A=1 | A=2 | A=3 | A=4 | A=5 | |
---|---|---|---|---|---|

B=1 |
2 | -1 | -1 | -1 | -1 |

B=2 |
1 | 2 | -1 | -1 | -1 |

B=3 |
1 | 1 | 2 | -1 | -1 |

B=4 |
1 | 1 | 1 | 2 | -1 |

B=5 |
1 | 1 | 1 | 1 | 2 |

You can solve with this matrix with a simple iteration.

- M = initial matrix (shown above)
- Find J unsolved candidates, where J is the number of photos that can be presented to the user. A simple way to do this is to find the column with the most unknowns, each unknown and the column index become candidates. Sorting the candidates by the highest number of unknowns (within a column index) yields significantly faster results. In general, the selected candidates should have the greatest expected potential for increasing the number of connections.
- Ask question. Fill in ones where B=winner and A=$\text{loser}_i$ where $1<i<J$, $i\neq \text{winner}$. Reflect to get -1s.
- Iterate over each 0 in matrix at position $a,b$. If $M*{k,a}=1$ and $M*{b,k}=1$ for any $k=1...n$ then the cell $M*{a,b}=1$ else $M*{a,b}=0$. _This must be repeated until no operations are performed (there is a more performant solution but because n is often low, I haven't bothered to solve it)*
- Reflect and fill in -1s.
- Repeat 2-6 until matrix contains no unknowns (no 0s).

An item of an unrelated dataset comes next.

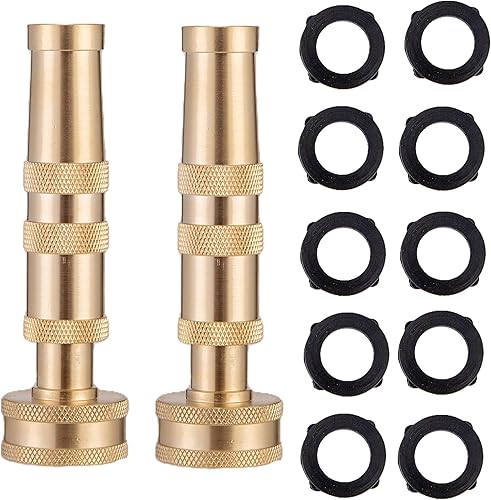 Boquilla de manguera de latón macizo de alta calidad, giro ajustable, diseño resistente de 4 pulgadas con 10 arandelas de goma para manguera de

# Getting Ranking From Matrix

Convert each `-1`

in `M`

to `0`

and each `2`

to `0`

.
The sum of each row will now correspond to the best approximation of the ranking.

Using the matrix above...

A=1 | A=2 | A=3 | A=4 | A=5 | Ranking | |
---|---|---|---|---|---|---|

B=1 |
0 | 0 | 0 | 0 | 0 | 0 |

B=2 |
1 | 0 | 0 | 0 | 0 | 1 |

B=3 |
1 | 1 | 0 | 0 | 0 | 2 |

B=4 |
1 | 1 | 1 | 0 | 0 | 3 |

B=5 |
1 | 1 | 1 | 1 | 0 | 4 |

The algorithm correctly concludes that 1 < 2, 2 < 3, etc.

# Approximate Sorting

Bounding the number of iterations is a sufficient approximation. One can also set the stop condition to be a maximum acceptable ranking group size, this gives a strong error guarantee.